12 Regression with Qualitative Independent Variables

In this chapter, I will walk you through some analysis I conduct with an example dataset, in order to show how regression works with qualitative independent variables. I could have easily completed this analysis using the methods from Chapter 8, but it is important to see how regression can also be used as a method for comparing means across groups.

Let’s say I’m interested in studying how personality relates to sex. The most common model of personality in psychology is called the “Big Five.” One common measure consists of 50 survey items (the IPIP Big-Five Factor Markers), with 10 items for each of the five personality traits from the model.¹ Figure 12.1 shows some of these questions and how they are formatted.

Figure 12.1: Example survey items used in the “Big Five” case study.

For now, I decide to focus on whether people are introverted or extroverted. Extroverts are outgoing and tend to enjoy interacting with others. Extroverts will tend to agree with the statement “I am the life of the party” while introverts will tend to agree with the item “I don’t talk a lot.”
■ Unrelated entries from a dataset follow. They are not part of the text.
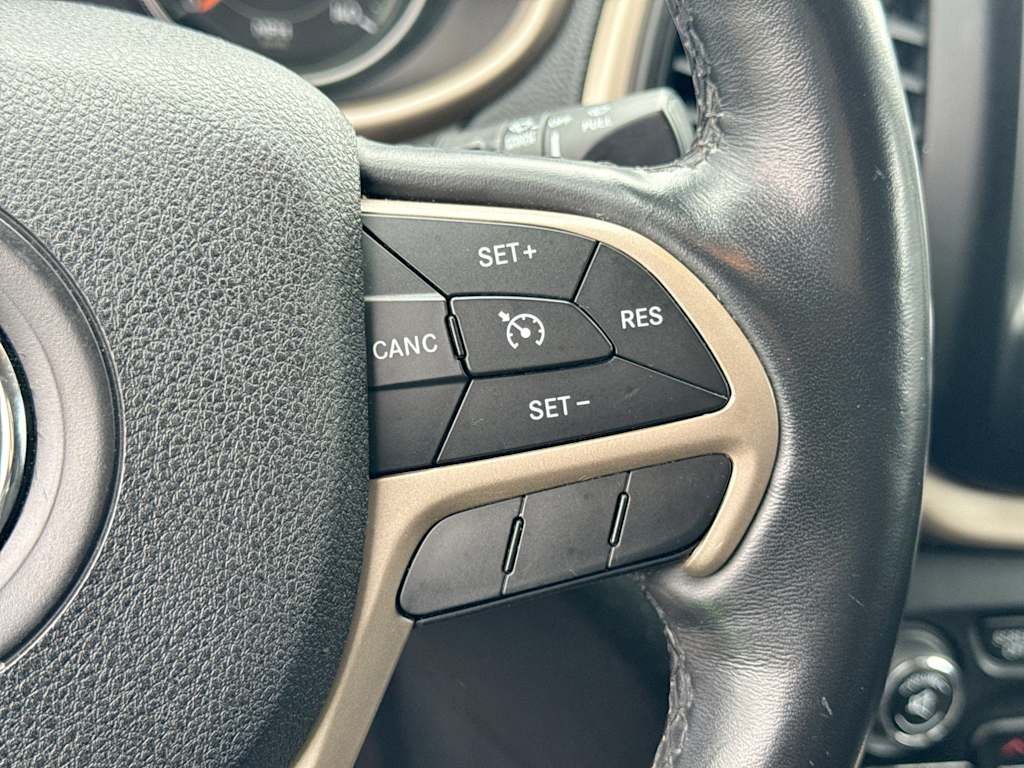 Thumbnail: 2015 Jeep Cherokee - 28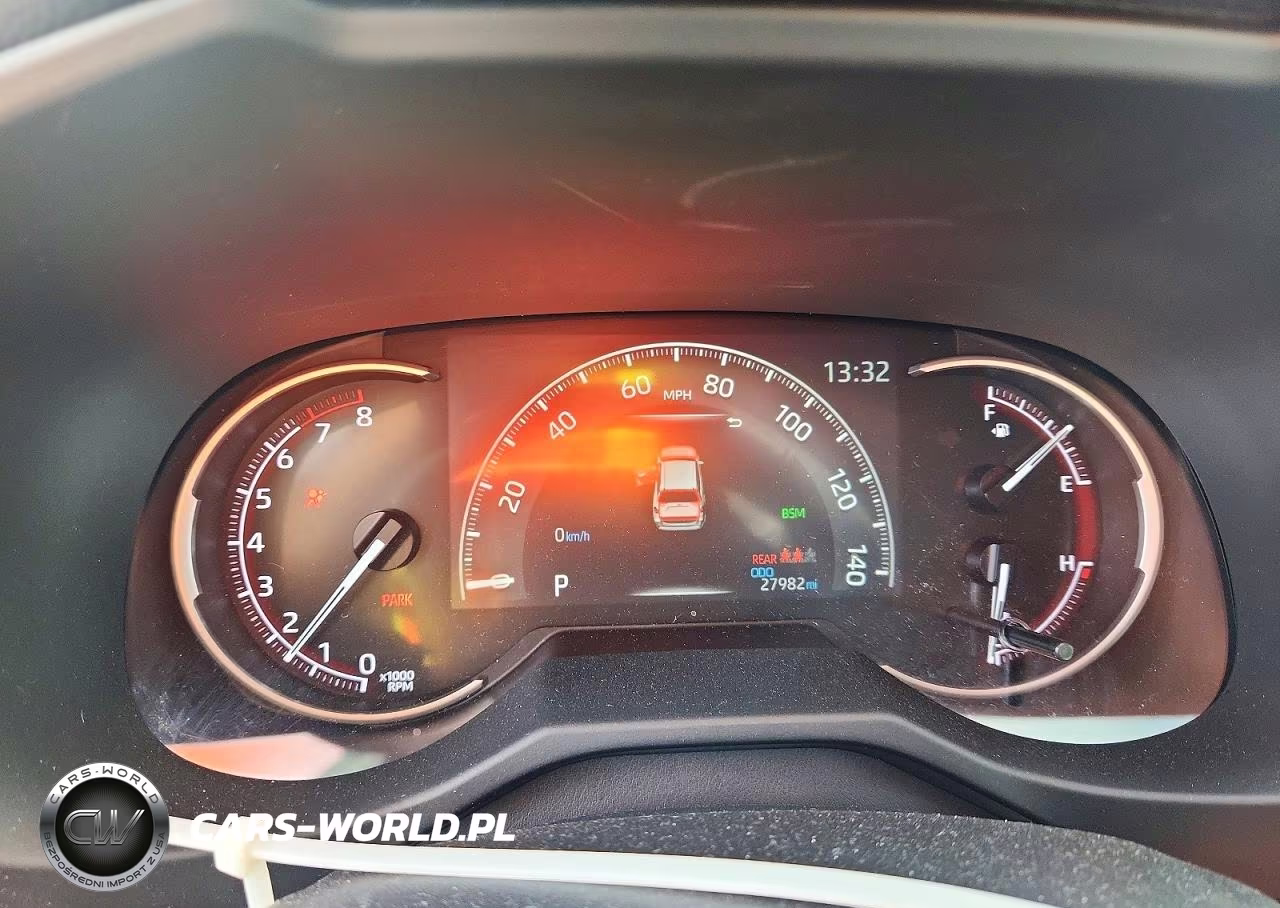 2024 Toyota Rav4 Xle Premium VIN:2T3A1RFV0RC441615 - 9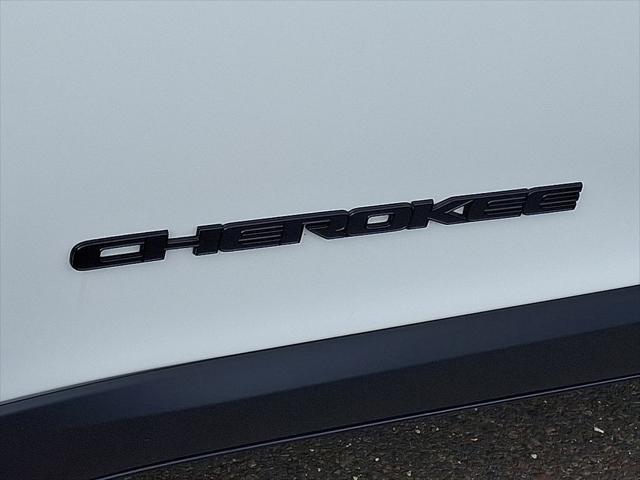 2023 Jeep Cherokee Altitude Lux 4x4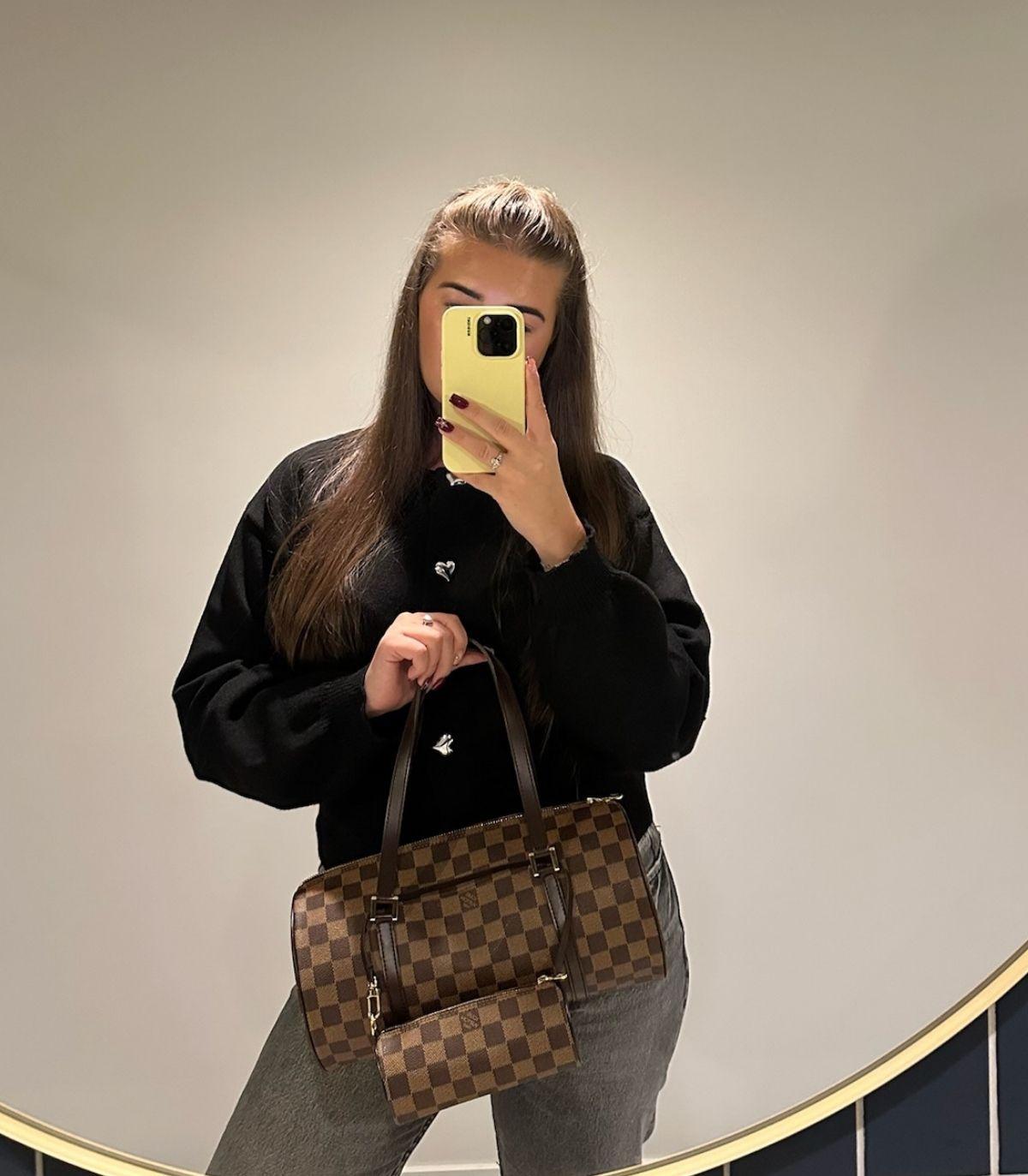 Louis Vuitton Damier Ebene Coated Canvas & Brown Calfskin Leather Vintage Papillon 30 with Pouch

Product Details
Xupes Ref: HB5966
Brand: Louis Vuitton
Model: Papillon 30
Type: Shoulder, Tote
Serial Number: M60033
Age: 2003
Accompanied By: Louis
I find a dataset that contains lots of responses to the Big Five personality questions as well as information on the sex of each respondent.² There are 10 different questions related to extroversion, and the dataset has one variable for each of these 10 questions (Figure 12.2). The variable labeled e1 shows responses to the item “I am the life of the party.” A value of 1 means the respondent disagrees with this statement, while a 3 indicates neutral, and a 5 means they agree.

Figure 12.2: Screenshot of some observations and variable values in the “Big Five” dataset.

For all of the odd-numbered extroversion questions (e1, e3, e5, etc.), agreement indicates extroversion. For the even-numbered items (e2, e4, e6, etc.), agreement indicates introversion. To create a single extroversion variable that combines responses from all 10 survey items, I create a tally, adding up all the values for odd-numbered questions and then subtracting the responses to the even-numbered questions. An extreme extrovert will have a 5 for all the odd-numbered questions and a 1 for all of the even-numbered ones, giving them a score of 20 (\(5 \times 5-5 \times 1=20\)). An extreme introvert will have a -20 since they will answer 1 to all the odd-numbered questions and 5 to all the even-numbered ones (\(5 \times 1-5 \times 5=-20\)).

As Figure 12.3 indicates, most people lie somewhere in the middle between introversion and extroversion.

Figure 12.3: Distribution of the extroversion trait.

Our sex variable was measured by asking respondents “What is your gender?” and they could choose from male (coded as a 1), female (2), or other (3).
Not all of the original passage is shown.